▸ **DATA SHOWN**

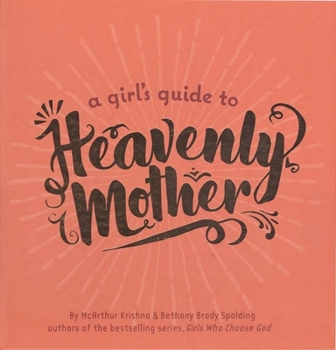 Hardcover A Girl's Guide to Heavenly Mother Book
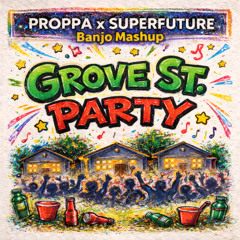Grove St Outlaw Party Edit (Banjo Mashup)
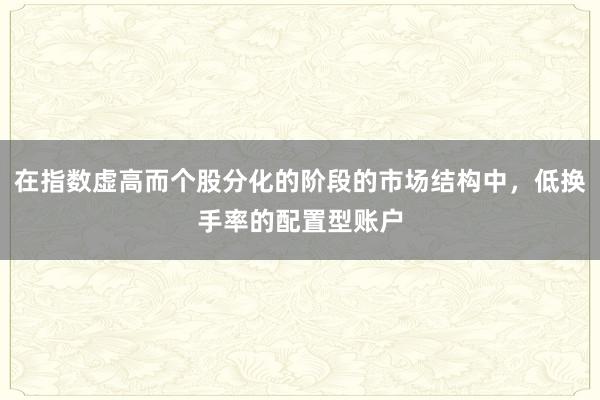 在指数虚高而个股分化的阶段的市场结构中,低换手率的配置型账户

▸ **EXERCISE DESCRIPTION**
The data above should be repeated in full and exactly, with no pictures carried over.

▸ **RESULT BELOW**
 Hardcover A Girl's Guide to Heavenly Mother Book
Grove St Outlaw Party Edit (Banjo Mashup)
 在指数虚高而个股分化的阶段的市场结构中,低换手率的配置型账户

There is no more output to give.